By Alan Wolf and Joseph Palenchar -- TWICE, 10/15/2008

Canton, Mass. — Tweeter Newco president/CEO George Granoff has left the company after 13 months on the job.

He was succeeded on an interim basis by Craig Boucher, a partner in CRG Partners, a Bethesda, Md.-based restructuring firm.

Tweeter’s senior management team will report directly to Boucher, who will serve as chief restructuring officer. All other reporting lines within the company will remain in place.

The change was confirmed by Tweeter Newco chairman George Schultze, principal of Schultze Asset Management. The Purchase, N.Y.-based investment group, which specializes in distressed businesses, acquired the A/V specialty chain in a bankruptcy auction for $38 million in August 2007.

In a memo sent to vendors and employees today and obtained by TWICE, Schultze attributed the move to the “current extreme economic conditions and the company’s recent peformance.”

During what Schultze described as a “temporary transition period,” Boucher will be responsible for developing and implementing strategic alternatives, assisting in the company’s day-to-day operations and communicating with all key parties.

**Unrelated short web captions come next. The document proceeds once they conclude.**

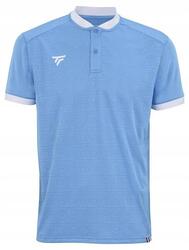 Polo enfant Tecnifibre Team Mesh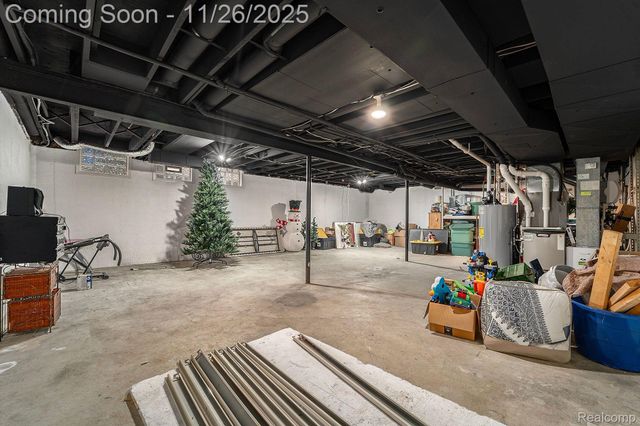 3638 Deer Run Drive, Brighton Township, MI 48114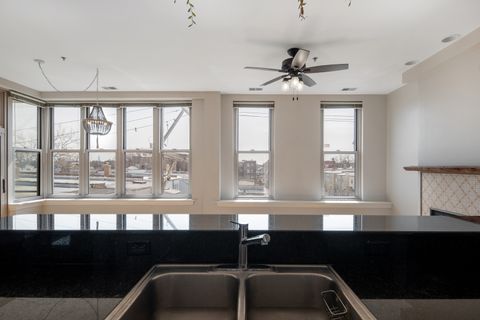 Tiny photo for 3113 W Lawrence Avenue #A302, Chicago, IL 60625 (MLS # 12615154)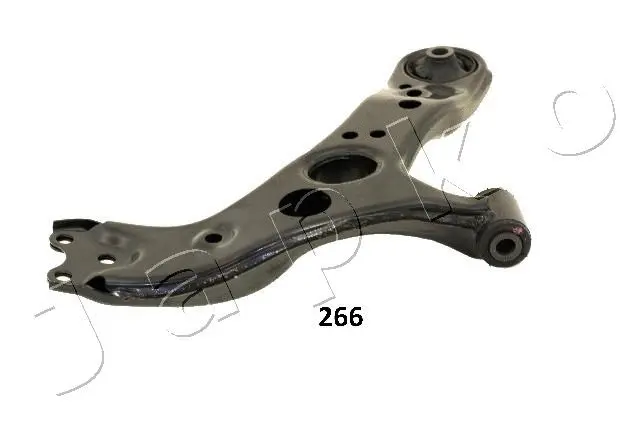 Control/Trailing Arm, wheel suspension (72266)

According to CRG Partners, Boucher has more than 20 years’ experience in corporate restructuring and crisis management, with particular expertise in the retail and consumer products industries. Prior to joining CRG in June, he served as chief financial officer of Jane & Company, a privately held cosmetic firm, and before that was a managing director of the interim management and corporate restructuring division of the retail/consumer products industry practice at XRoads Solutions Group.

During his career, Boucher has developed and implemented numerous operational restructuring programs that have “substantially increased enterprise value for his clients,” CRG said.

Granoff, a former president/COO of the Ames and Bradlees discount chains, succeeded Joe McGuire following Tweeter’s acquisition by Schultze. During his tenure, Granoff revamped the chain’s infrastructure by consolidating warehouses and moving to a just-in-time delivery model to reduce inventory. He also oversaw the development of a new store prototype highlighted by the use of automated displays.